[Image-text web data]
========================================

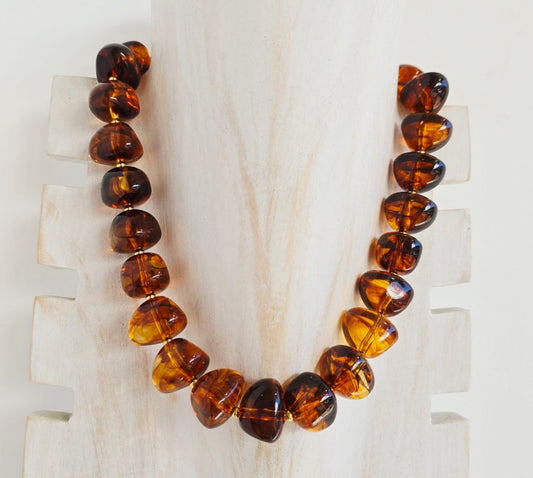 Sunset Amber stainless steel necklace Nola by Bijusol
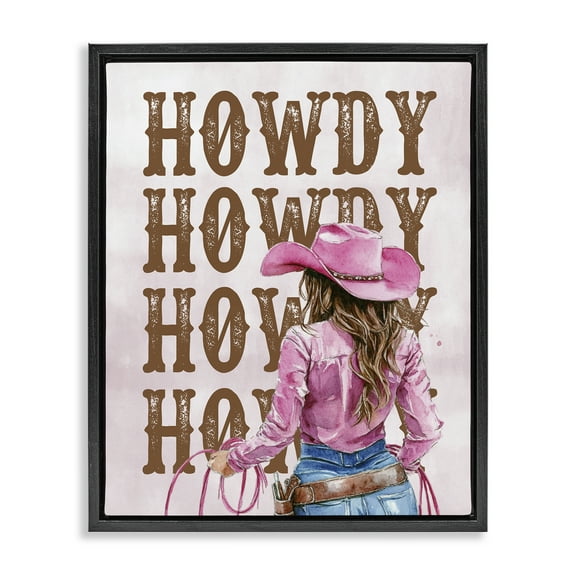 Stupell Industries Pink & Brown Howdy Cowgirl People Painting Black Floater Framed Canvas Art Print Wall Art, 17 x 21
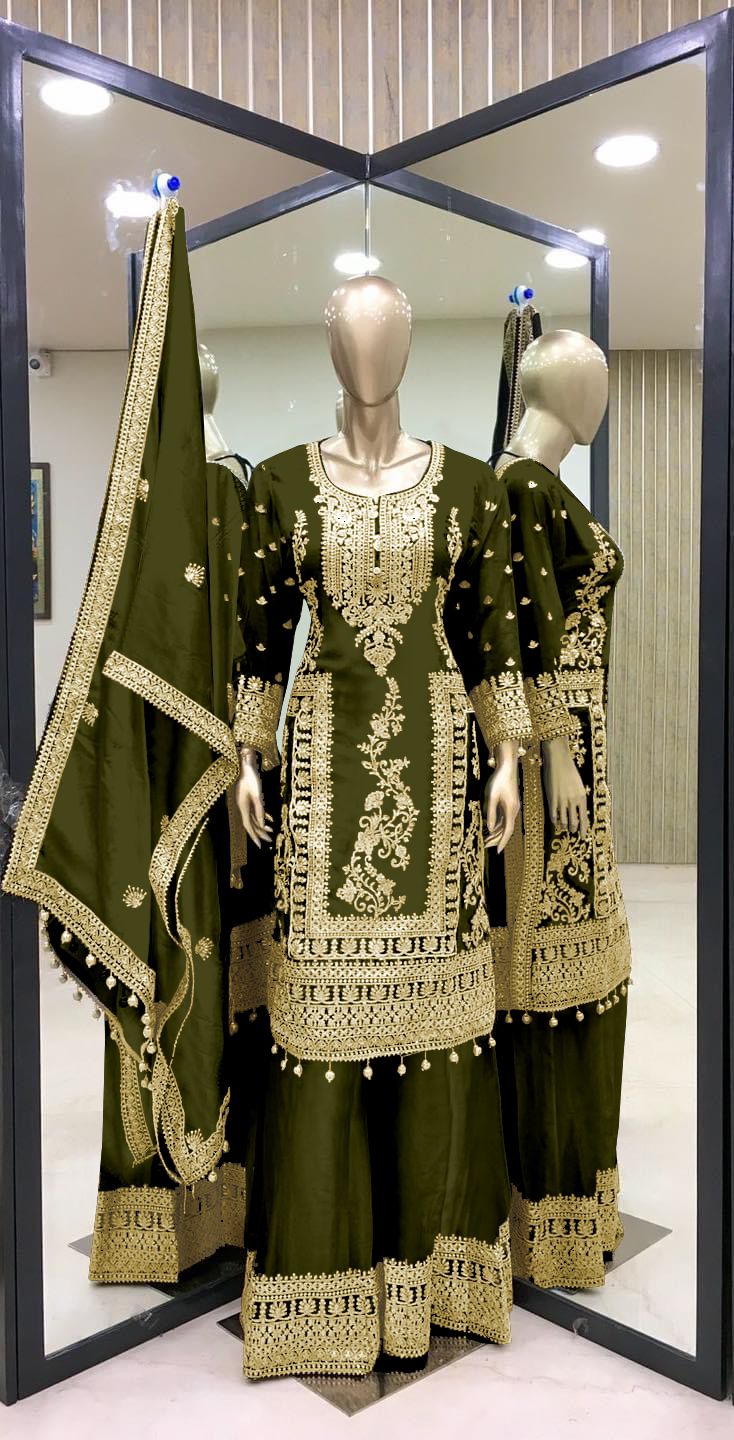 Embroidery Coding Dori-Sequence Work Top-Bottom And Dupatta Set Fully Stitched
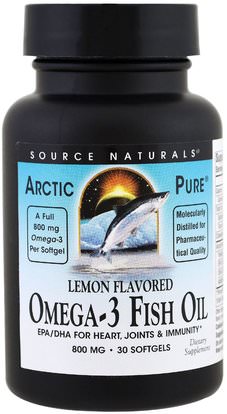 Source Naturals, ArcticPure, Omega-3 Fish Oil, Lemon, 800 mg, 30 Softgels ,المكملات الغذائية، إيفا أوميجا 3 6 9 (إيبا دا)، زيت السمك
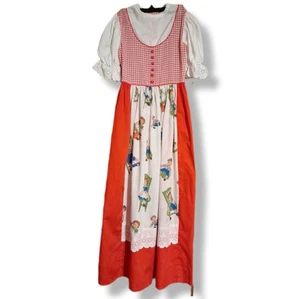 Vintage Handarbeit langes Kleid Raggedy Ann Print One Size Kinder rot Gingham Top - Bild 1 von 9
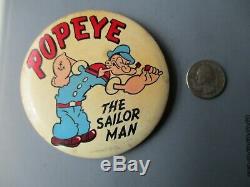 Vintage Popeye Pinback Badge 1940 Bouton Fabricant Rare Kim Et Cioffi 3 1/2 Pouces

========================================

Above are some records. Output exactly the lines from the one that contains "Stupell Industries Pink" to the one that contains "Vintage Handarbeit langes", keeping both, and omit the pictures.

 Stupell Industries Pink & Brown Howdy Cowgirl People Painting Black Floater Framed Canvas Art Print Wall Art, 17 x 21
 Embroidery Coding Dori-Sequence Work Top-Bottom And Dupatta Set Fully Stitched
 Source Naturals, ArcticPure, Omega-3 Fish Oil, Lemon, 800 mg, 30 Softgels ,المكملات الغذائية، إيفا أوميجا 3 6 9 (إيبا دا)، زيت السمك
 Vintage Handarbeit langes Kleid Raggedy Ann Print One Size Kinder rot Gingham Top - Bild 1 von 9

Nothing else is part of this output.